# Snow Bear Plow, Replacement Relay Questions



## Rwolf15241 (Jan 2, 2013)

Snow Bear Plow, Replacement Relay Questions

Well I have my 3rd control box for my Snow Bear Plow, The POS doesn't work every time I hit the switch. I'm looking to upgrade the relay to a Warn 63070 or the complete kit 63990. I have looked at a few other posts. Suggestions??

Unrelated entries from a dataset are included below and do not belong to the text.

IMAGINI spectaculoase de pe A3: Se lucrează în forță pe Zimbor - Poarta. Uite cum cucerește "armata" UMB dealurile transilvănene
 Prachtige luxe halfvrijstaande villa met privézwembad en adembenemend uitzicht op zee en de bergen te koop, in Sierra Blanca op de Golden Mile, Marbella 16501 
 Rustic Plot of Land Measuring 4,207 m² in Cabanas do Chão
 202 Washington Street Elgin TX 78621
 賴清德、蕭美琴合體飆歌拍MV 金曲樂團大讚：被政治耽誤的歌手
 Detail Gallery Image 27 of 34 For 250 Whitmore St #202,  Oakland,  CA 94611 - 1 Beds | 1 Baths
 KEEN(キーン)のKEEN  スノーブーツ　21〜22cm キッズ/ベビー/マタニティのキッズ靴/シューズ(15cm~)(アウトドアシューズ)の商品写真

Anyone have feedback on this ???


----------



## Rwolf15241 (Jan 2, 2013)

I used a Warn Controller replacement Kit, including relay wires and switch everything works great.


----------



## jasonv (Nov 2, 2012)

The second of your pictures is awesome. It looks like a stacked pile of snirt behind the plowcar. Had to doubletake on that one, WTF? Couldn't possibly have stacked snow like that with a 'zuki????


----------



## Rwolf15241 (Jan 2, 2013)

yes I can!!

There is Ford 9 in diffs front & rear and a 1995 GT40 302 EFI Engine


----------



## TyCar1 (Jan 18, 2013)

Rwolf15241,
You look like you are quite capable with doing things, why not put heavy duty relays in the control box? I have the same problem with my plow, (SnowBear 82") but now that SnowBear has changed owners, I am just going to replace the relays in the box, it comes apart really easy and the relays are cheap. Really cheap in the control box that is sold or replaced by SnowBear, so cheap that when I removed one of them the solder connection for the ground on was nearly non-existent and looks like the iron was not hot enough when it was put together, I cleaned it and re-soldered it and it worked fine, however the relays are still a cheap version. If you go to the local NAPA or any other parts store, you should be able to find a heavy duty set of relays and replace both of them and then have no further issue. I have not yet replaced because I continue to tap the relays in the control box (mine is open so you can see the relays) and then the relay works again, (troubleshoot yours that way.) I should have a new set this weekend and then I will update the results.


----------



## Rwolf15241 (Jan 2, 2013)

*Warn Relay*

I used the Warn Relay & Switch, left the Snowbear wires to the plow. Worked great the first time, then the 35Amp circuit breaker stopped working. Had a spear from Snowbear works great. I also bought 40 amps for future replacement. The next step is a Meyers plow. I'm sure the winch will go next. I can use the wiring for the Calmini Winch Bumper


----------



## Rwolf15241 (Jan 2, 2013)

Used 40 Amp Breaker, still cuts out, will move up to a 50 AMP


----------